Страница 2 из 21
Были у него и прежние сослуживцы по железной дороге. Он вспоминался им, как коренастый полнокровный человек, любитель пошутить, приветливый, но скуповатый, который никогда не угостит. В таком обличии он появлялся порой в домах других пенсионеров, вдруг возникая рядом с каким-нибудь старым машинистом на платформе мчащегося на всех парах локомотива.
Существовал Годар еще и с другим лицом, на склонах одной долины в Велэйских горах. Там был домик, крытый сланцем, где родилось самое тело Жака Годара, где продолжали жить его отец и мать, которым было за восемьдесят лет. Воспоминание о Жаке наполняло просторную кухню, разлитое между полом и переводинами, подобно запаху горелых дров, задевая стол, отражаясь в пролитом вине или воде, греясь у очага, который обдавал его искрами и сажей, пронизаемое теплыми волнами бьющих часов. Летом старики садились рядышком, в сумерки, на дворе; отец на тележное дышло, мать — на стул, с рукодельем или четками черного дерева. Тогда они тихо приводили к себе сына, сюда, к тележному дышлу и расшатанному стулу. Они приводили его подышать горным воздухом, почувствовать вечерний ветер, ободряющий листья. Жак был тут, невидимый и очень любимый.
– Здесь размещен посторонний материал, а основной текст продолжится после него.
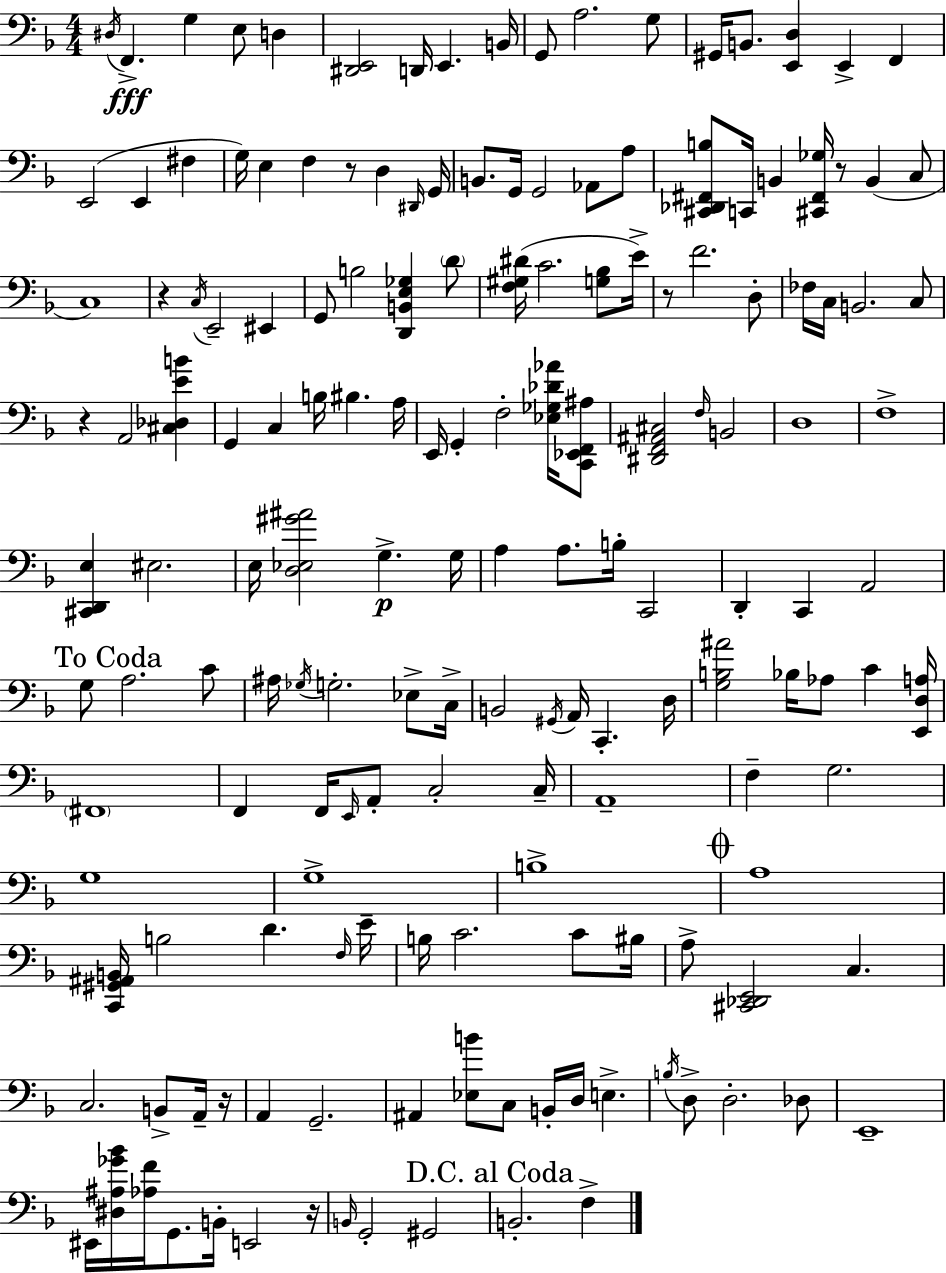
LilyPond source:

{
  \clef bass
  \numericTimeSignature
  \time 4/4
  \key d \minor
  \acciaccatura { dis16 }\fff f,4.-> g4 e8 d4 | <dis, e,>2 d,16 e,4. | b,16 g,8 a2. g8 | gis,16 b,8. <e, d>4 e,4-> f,4 | \break e,2( e,4 fis4 | g16) e4 f4 r8 d4 | \grace { dis,16 } g,16 b,8. g,16 g,2 aes,8 | a8 <cis, des, fis, b>8 c,16 b,4 <cis, fis, ges>16 r8 b,4( | \break c8 c1) | r4 \acciaccatura { c16 } e,2-- eis,4 | g,8 b2 <d, b, e ges>4 | \parenthesize d'8 <f gis dis'>16( c'2. | \break <g bes>8 e'16->) r8 f'2. | d8-. fes16 c16 b,2. | c8 r4 a,2 <cis des e' b'>4 | g,4 c4 b16 bis4. | \break a16 e,16 g,4-. f2-. | <ees ges des' aes'>16 <c, ees, f, ais>8 <dis, f, ais, cis>2 \grace { f16 } b,2 | d1 | f1-> | \break <cis, d, e>4 eis2. | e16 <d ees gis' ais'>2 g4.->\p | g16 a4 a8. b16-. c,2 | d,4-. c,4 a,2 | \break \mark "To Coda" g8 a2. | c'8 ais16 \acciaccatura { ges16 } g2.-. | ees8-> c16-> b,2 \acciaccatura { gis,16 } a,16 c,4.-. | d16 <g b ais'>2 bes16 aes8 | \break c'4 <e, d a>16 \parenthesize fis,1 | f,4 f,16 \grace { e,16 } a,8-. c2-. | c16-- a,1-- | f4-- g2. | \break g1 | g1-> | b1-> | \mark \markup { \musicglyph "scripts.coda" } a1 | \break <c, gis, ais, b,>16 b2 | d'4. \grace { f16 } e'16-- b16 c'2. | c'8 bis16 a8-> <cis, des, e,>2 | c4. c2. | \break b,8-> a,16-- r16 a,4 g,2.-- | ais,4 <ees b'>8 c8 | b,16-. d16 e4.-> \acciaccatura { b16 } d8-> d2.-. | des8 e,1-- | \break eis,16 <dis ais ges' bes'>16 <aes f'>16 g,8. b,16-. | e,2 r16 \grace { b,16 } g,2-. | gis,2 \mark "D.C. al Coda" b,2.-. | f4-> \bar "|."
}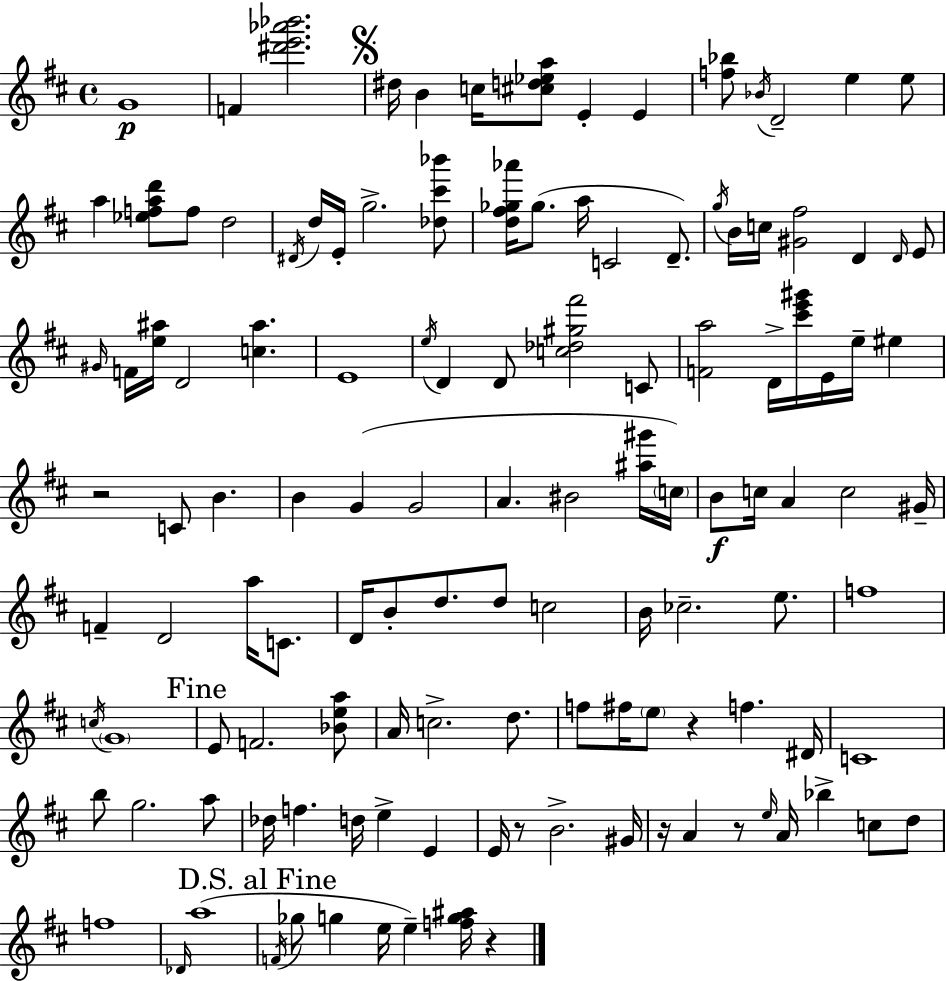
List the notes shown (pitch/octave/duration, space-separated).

G4/w F4/q [D#6,E6,Ab6,Bb6]/h. D#5/s B4/q C5/s [C#5,D5,Eb5,A5]/e E4/q E4/q [F5,Bb5]/e Bb4/s D4/h E5/q E5/e A5/q [Eb5,F5,A5,D6]/e F5/e D5/h D#4/s D5/s E4/s G5/h. [Db5,C#6,Bb6]/e [D5,F#5,Gb5,Ab6]/s Gb5/e. A5/s C4/h D4/e. G5/s B4/s C5/s [G#4,F#5]/h D4/q D4/s E4/e G#4/s F4/s [E5,A#5]/s D4/h [C5,A#5]/q. E4/w E5/s D4/q D4/e [C5,Db5,G#5,F#6]/h C4/e [F4,A5]/h D4/s [C#6,E6,G#6]/s E4/s E5/s EIS5/q R/h C4/e B4/q. B4/q G4/q G4/h A4/q. BIS4/h [A#5,G#6]/s C5/s B4/e C5/s A4/q C5/h G#4/s F4/q D4/h A5/s C4/e. D4/s B4/e D5/e. D5/e C5/h B4/s CES5/h. E5/e. F5/w C5/s G4/w E4/e F4/h. [Bb4,E5,A5]/e A4/s C5/h. D5/e. F5/e F#5/s E5/e R/q F5/q. D#4/s C4/w B5/e G5/h. A5/e Db5/s F5/q. D5/s E5/q E4/q E4/s R/e B4/h. G#4/s R/s A4/q R/e E5/s A4/s Bb5/q C5/e D5/e F5/w Db4/s A5/w F4/s Gb5/e G5/q E5/s E5/q [F5,G5,A#5]/s R/q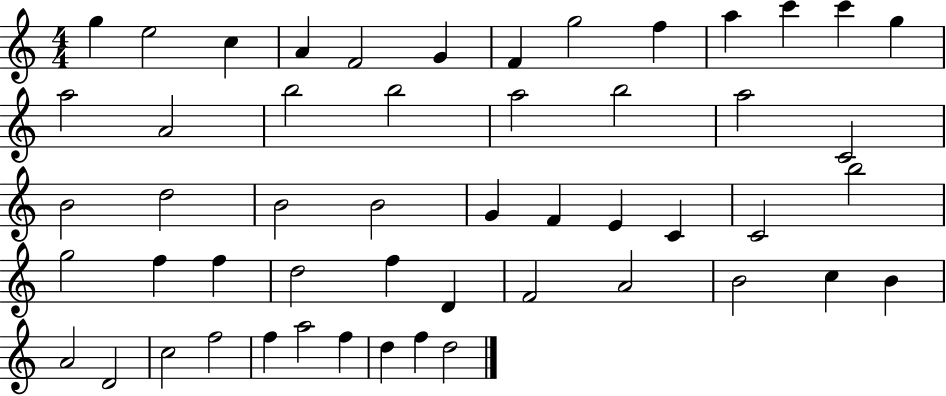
{
  \clef treble
  \numericTimeSignature
  \time 4/4
  \key c \major
  g''4 e''2 c''4 | a'4 f'2 g'4 | f'4 g''2 f''4 | a''4 c'''4 c'''4 g''4 | \break a''2 a'2 | b''2 b''2 | a''2 b''2 | a''2 c'2 | \break b'2 d''2 | b'2 b'2 | g'4 f'4 e'4 c'4 | c'2 b''2 | \break g''2 f''4 f''4 | d''2 f''4 d'4 | f'2 a'2 | b'2 c''4 b'4 | \break a'2 d'2 | c''2 f''2 | f''4 a''2 f''4 | d''4 f''4 d''2 | \break \bar "|."
}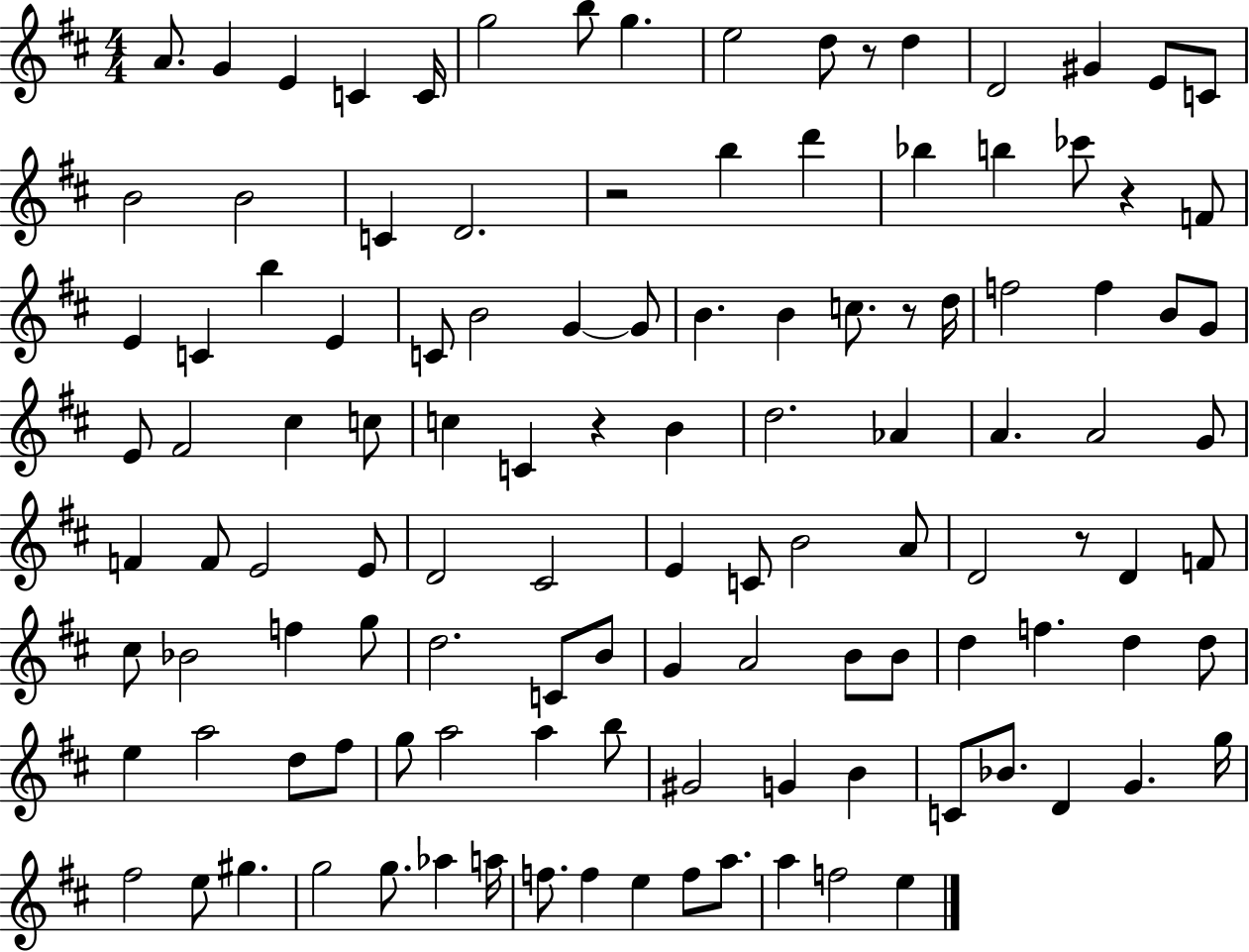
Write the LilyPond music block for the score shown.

{
  \clef treble
  \numericTimeSignature
  \time 4/4
  \key d \major
  a'8. g'4 e'4 c'4 c'16 | g''2 b''8 g''4. | e''2 d''8 r8 d''4 | d'2 gis'4 e'8 c'8 | \break b'2 b'2 | c'4 d'2. | r2 b''4 d'''4 | bes''4 b''4 ces'''8 r4 f'8 | \break e'4 c'4 b''4 e'4 | c'8 b'2 g'4~~ g'8 | b'4. b'4 c''8. r8 d''16 | f''2 f''4 b'8 g'8 | \break e'8 fis'2 cis''4 c''8 | c''4 c'4 r4 b'4 | d''2. aes'4 | a'4. a'2 g'8 | \break f'4 f'8 e'2 e'8 | d'2 cis'2 | e'4 c'8 b'2 a'8 | d'2 r8 d'4 f'8 | \break cis''8 bes'2 f''4 g''8 | d''2. c'8 b'8 | g'4 a'2 b'8 b'8 | d''4 f''4. d''4 d''8 | \break e''4 a''2 d''8 fis''8 | g''8 a''2 a''4 b''8 | gis'2 g'4 b'4 | c'8 bes'8. d'4 g'4. g''16 | \break fis''2 e''8 gis''4. | g''2 g''8. aes''4 a''16 | f''8. f''4 e''4 f''8 a''8. | a''4 f''2 e''4 | \break \bar "|."
}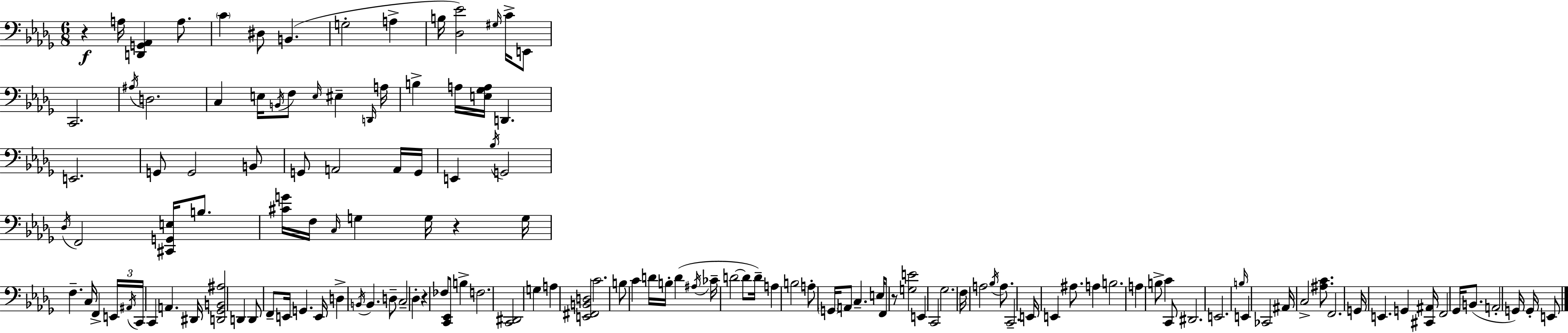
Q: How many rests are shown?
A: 4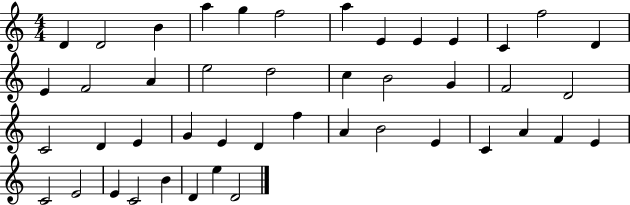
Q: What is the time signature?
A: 4/4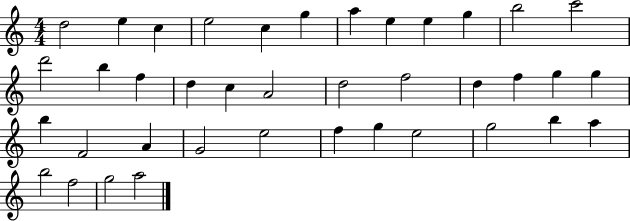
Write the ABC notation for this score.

X:1
T:Untitled
M:4/4
L:1/4
K:C
d2 e c e2 c g a e e g b2 c'2 d'2 b f d c A2 d2 f2 d f g g b F2 A G2 e2 f g e2 g2 b a b2 f2 g2 a2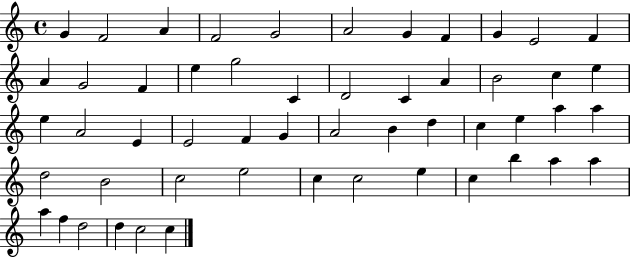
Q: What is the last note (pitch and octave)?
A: C5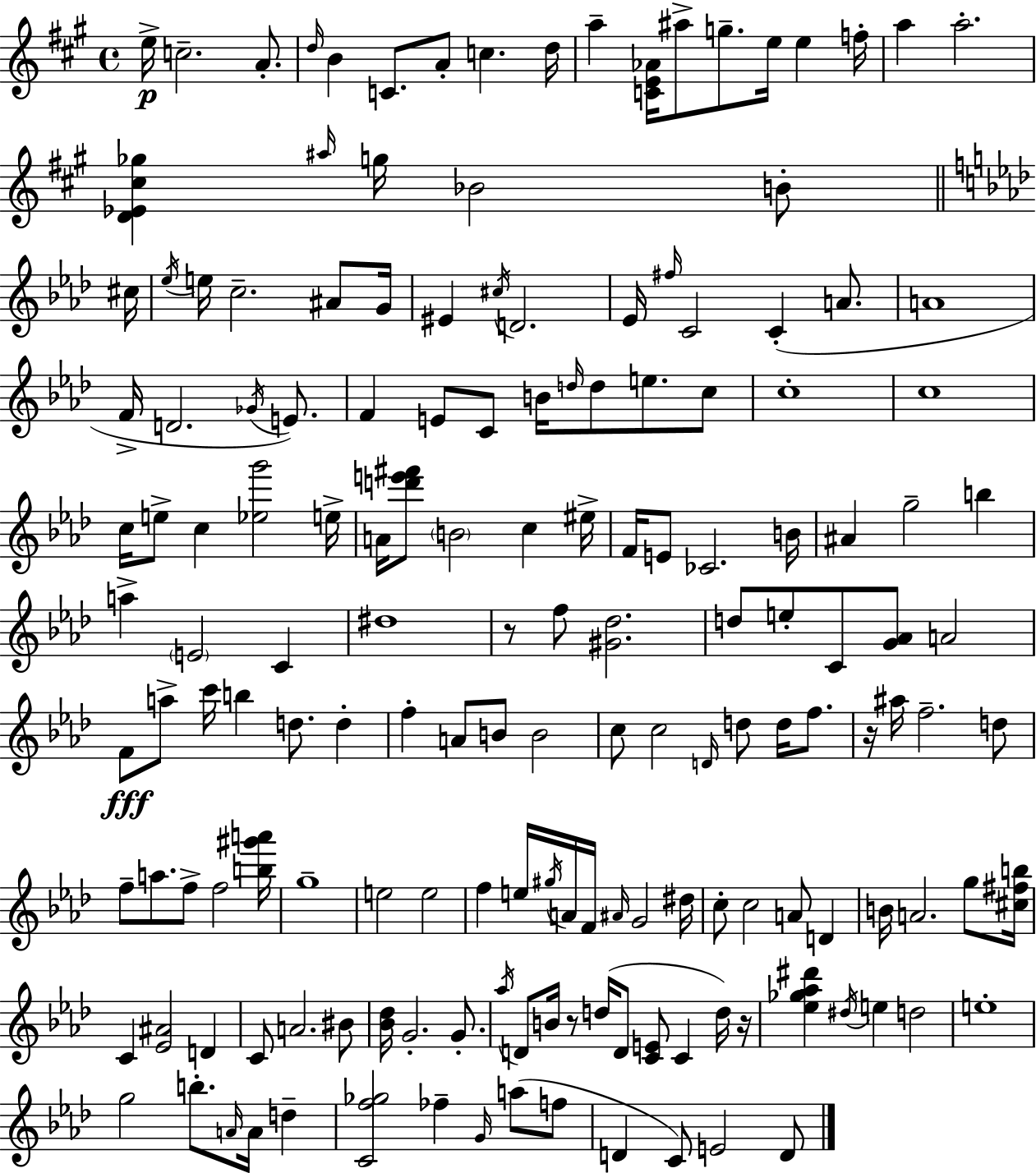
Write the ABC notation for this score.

X:1
T:Untitled
M:4/4
L:1/4
K:A
e/4 c2 A/2 d/4 B C/2 A/2 c d/4 a [CE_A]/4 ^a/2 g/2 e/4 e f/4 a a2 [D_E^c_g] ^a/4 g/4 _B2 B/2 ^c/4 _e/4 e/4 c2 ^A/2 G/4 ^E ^c/4 D2 _E/4 ^f/4 C2 C A/2 A4 F/4 D2 _G/4 E/2 F E/2 C/2 B/4 d/4 d/2 e/2 c/2 c4 c4 c/4 e/2 c [_eg']2 e/4 A/4 [d'e'^f']/2 B2 c ^e/4 F/4 E/2 _C2 B/4 ^A g2 b a E2 C ^d4 z/2 f/2 [^G_d]2 d/2 e/2 C/2 [G_A]/2 A2 F/2 a/2 c'/4 b d/2 d f A/2 B/2 B2 c/2 c2 D/4 d/2 d/4 f/2 z/4 ^a/4 f2 d/2 f/2 a/2 f/2 f2 [b^g'a']/4 g4 e2 e2 f e/4 ^g/4 A/4 F/4 ^A/4 G2 ^d/4 c/2 c2 A/2 D B/4 A2 g/2 [^c^fb]/4 C [_E^A]2 D C/2 A2 ^B/2 [_B_d]/4 G2 G/2 _a/4 D/2 B/4 z/2 d/4 D/2 [CE]/2 C d/4 z/4 [_e_g_a^d'] ^d/4 e d2 e4 g2 b/2 A/4 A/4 d [Cf_g]2 _f G/4 a/2 f/2 D C/2 E2 D/2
Он был тут, моложе, ближе к своему рождению; у него были темные волосы, полное лицо, незапущенные усы. Существовал он на местном наречии. Припоминались его шутки, его детские проделки; хотелось его обнять. Еще больше он существовал, когда приходило письмо. Его присутствие становилось почти вещественным. Он был более похож на самого себя, с поседевшими висками, с морщинами, с ревматизмом, мучившим его перед дождем. Вести из письма понемногу взбирались по деревенским переулкам, как цыплята, которые отбились и заворачивают в чужие дворы. Было известно, что Жак написал родителям, что он все в городе, что у него был грипп. Эти хворостинки разжигали воспоминание. Годара воскрешал весь поселок. В этот день он присутствовал на посиделках; он шел следом за людьми в хлев, когда они отправлялись с фонарем и скамейкой доить сонных коров.
Так Годар, вне самого себя, стлался по миру, как сорванная водоросль.
II
На третий день после восхождения на Пантеон, Годар почувствовал боль в спине. Сперва он решил не обращать на это внимания. Когда у него что-нибудь болело, он торопился найти какую-нибудь мысль и следовал за ней. Но часто мысль не приходила, или же он сразу упускал ее и снова спрашивал себя; «Что это может быть? Я, должно быть, простудился. А ведь казалось бы, иной раз на паровозе… Да уж, когда состаришься!..» Он думал об этом упорно, как собака, которую гонят прочь от навозной кучи, а та отойдет, поджав хвост, и снова вернется.
Он сетовал на то, что больше не служит: «Я слишком мнителен. Будь у меня работа, все прошло бы в пять минут». Тогда он начинал двигаться, наводил лоск на мебель, чистил сапоги. Малейшее возбуждение уже помогало ему. Он садился, повеселев, и к нему приходили приятные мысли. «Я куплю себе просторные, мягкие туфли. Перестану чувствовать мозоль». Потом он решал пройтись по бульварам, пообедав. Ему виделись черные, перевивающиеся движения пешеходов, колыхание женских шляп и глаза, которые кружат и скользят, касаясь друг друга, на одной и той же высоте, блестящие, как рой жуков.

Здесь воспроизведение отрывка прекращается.